Can the Plaint be set aside by the HC under Article 226 & 227? Supreme Court says ‘NO’
The interesting question before the Supreme Court was the competency of the High Court to set aside plaint, in exercise of its power under Articles 226 and 227 of the Constitution of India. The judgment has born from an appeal preferred against a judgment passed by the Kerala High Court. The High Court under Articles 226 and 227 of the Constitution of India, had set aside the plaint and further proceedings initiated on the basis of the plaint and had quashed the order passed by the Munsiff Court with cost of Rs.25,000. This has been reversed by the Supreme Court, laying down the proposition of law that a petition under Article 226 or Article 227 of Constitution is not available to set aside the plaint in suit.( JACKY Vs .TINY @ ANTONY & ORS).

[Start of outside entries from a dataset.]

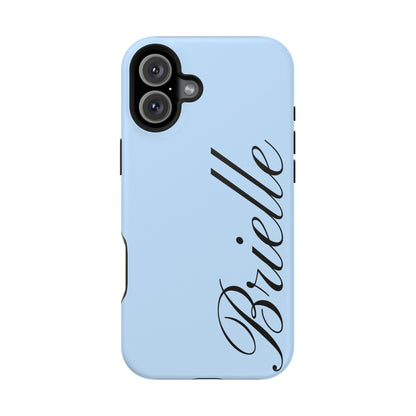 Personalized Blue iPhone Case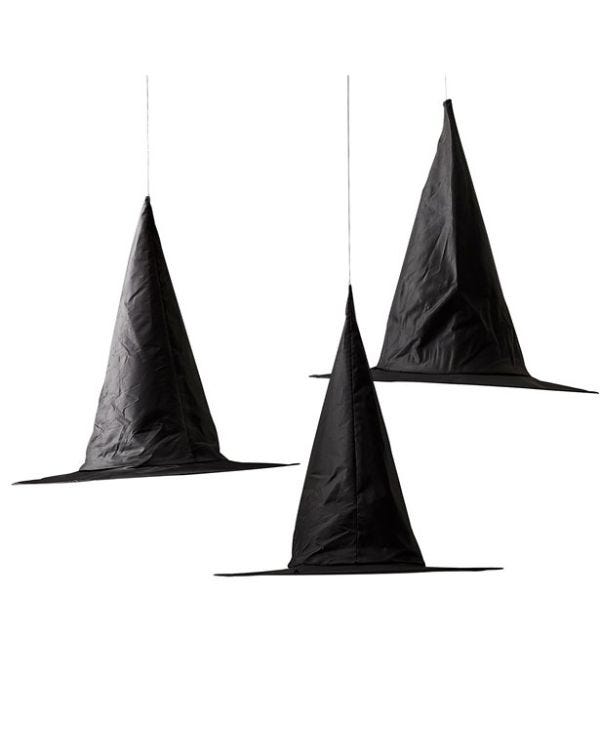 Hanging Black Witches Hats (3pk)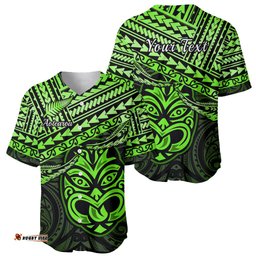 Personalised Matariki New Zealand Baseball Jersey Shirt Maori New Year Tiki Green Version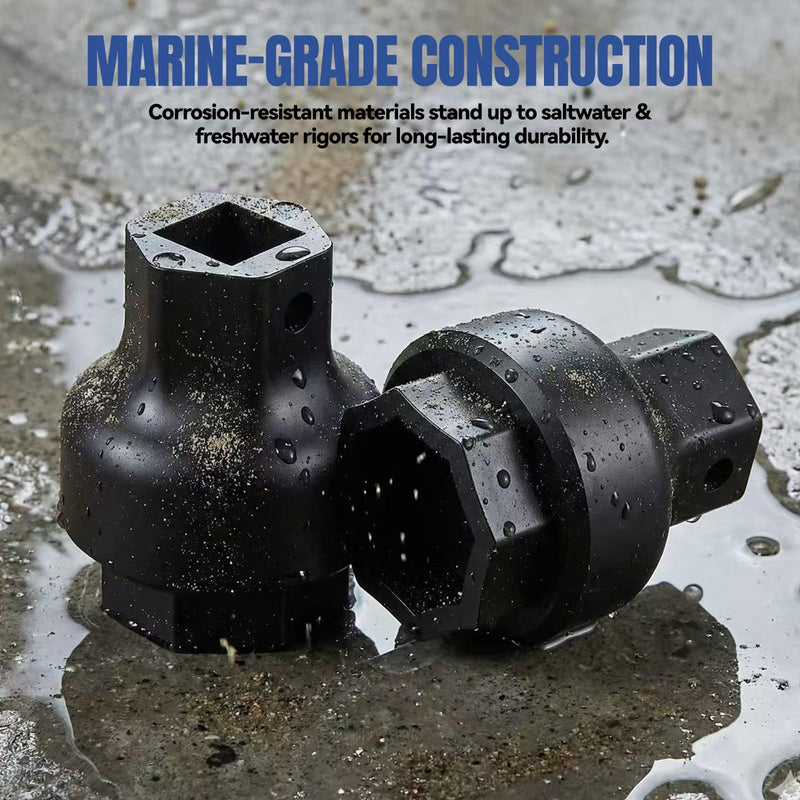 Drive Tool - Socket Compatible with EZ Dock Couplers,it Works with a 3/8-inch Drive Ratchet, 19-Millimeter or 3/4” socke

The dispute between the parties is essentially a landlord tenant dispute, and there are multiple proceedings pending inter se. The tenant who was the Writ Petitioner before High Court, contented before the Supreme Court that with an intention to evict him, the landlord ( Appellant before Supreme Court) filed the suit in question and got an interim order by which the tenant was injuncted from conducting any prohibited business in the shop room either directly or through someone else. By virtue of the interim order in suit, Municipal Corporation, which was made a defendant in the suit had issued a notice directing the tenant to close the business in the shop room, and he was not made a party in the suit. The tenant thereafter, moved High Court of Kerala through a Writ Petition under Article 226 and 227 to call for the original records of the suit pending before the Munsiff and to quash the plaint in the civil suit. Though the landlord questioned the very maintainability of the Writ Petition, it was negated by the High Court with following reasoning, which are quoted by Supreme Court in its Judgment.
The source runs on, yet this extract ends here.